Only an exact repetition of the lines from the one holding "Vacation Hub International" to the end of the data is wanted, with pictures left out.
═════ SOURCE MATERIAL ═════
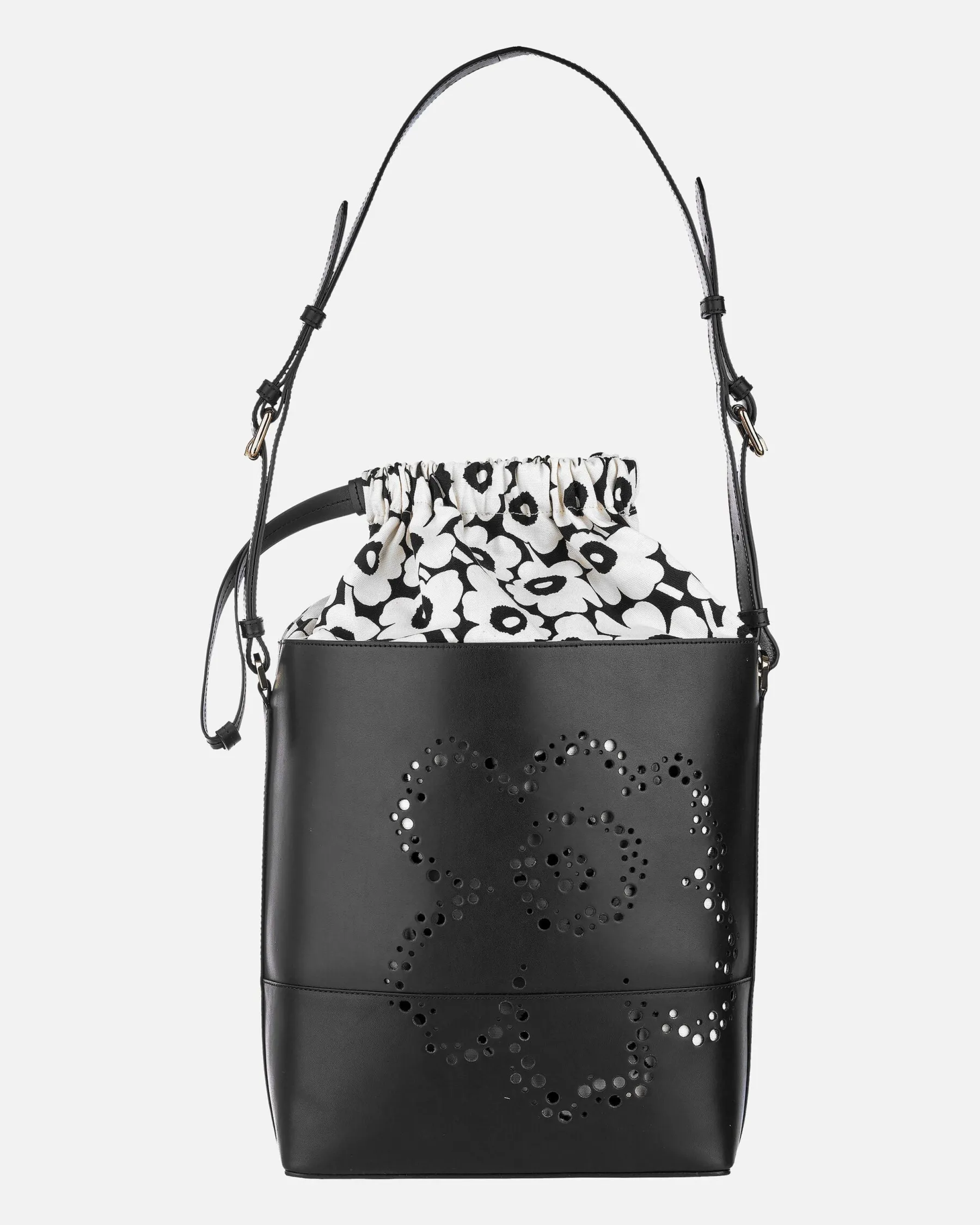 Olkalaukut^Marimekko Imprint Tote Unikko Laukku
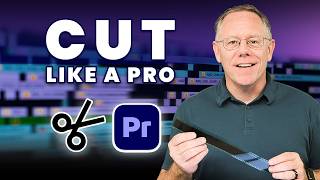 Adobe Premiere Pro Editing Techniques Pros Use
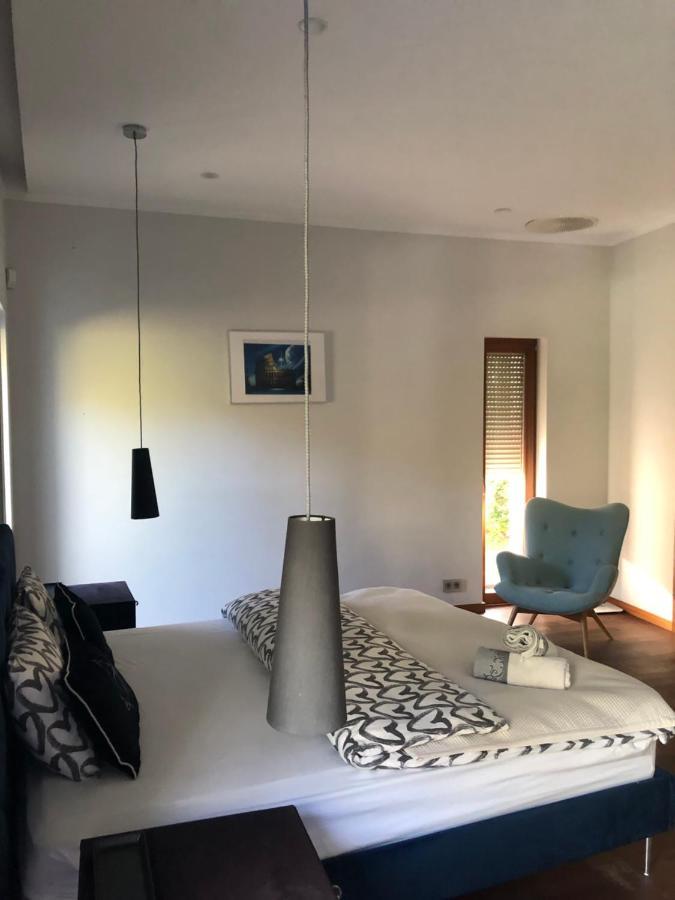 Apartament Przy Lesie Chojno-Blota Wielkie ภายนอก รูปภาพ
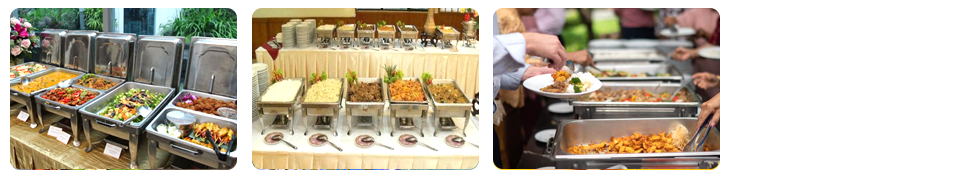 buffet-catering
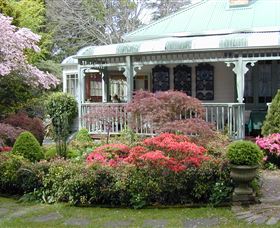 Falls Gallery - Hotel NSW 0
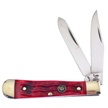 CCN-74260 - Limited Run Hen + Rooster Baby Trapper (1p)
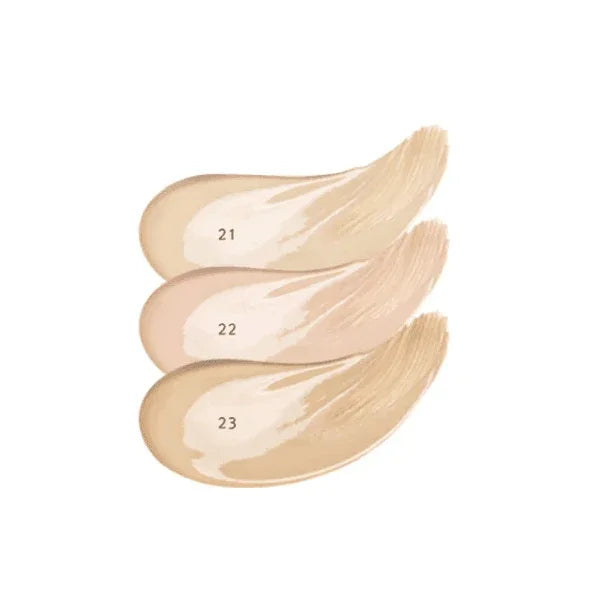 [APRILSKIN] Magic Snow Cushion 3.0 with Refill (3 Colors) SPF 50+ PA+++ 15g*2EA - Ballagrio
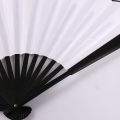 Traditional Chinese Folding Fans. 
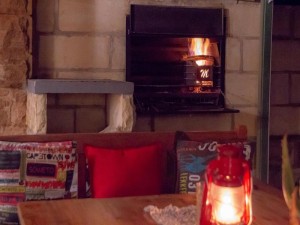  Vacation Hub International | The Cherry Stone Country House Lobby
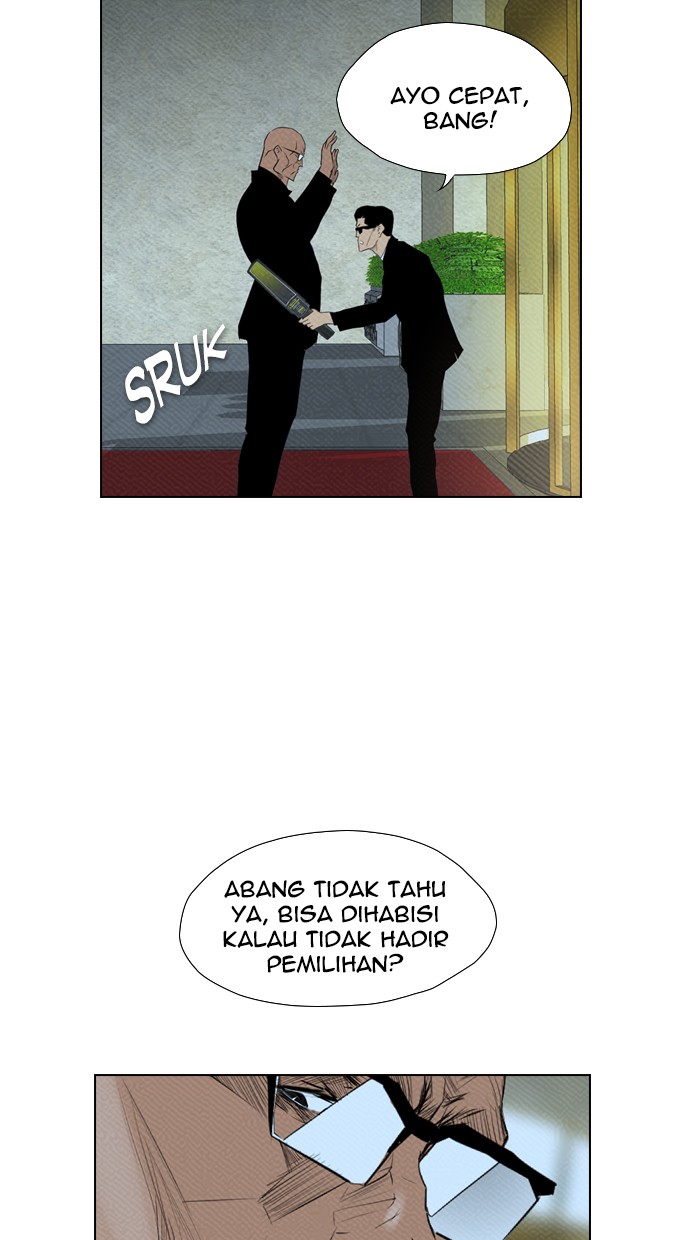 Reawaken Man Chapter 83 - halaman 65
═════
**SOLVED EXERCISE**
  Vacation Hub International | The Cherry Stone Country House Lobby
 Reawaken Man Chapter 83 - halaman 65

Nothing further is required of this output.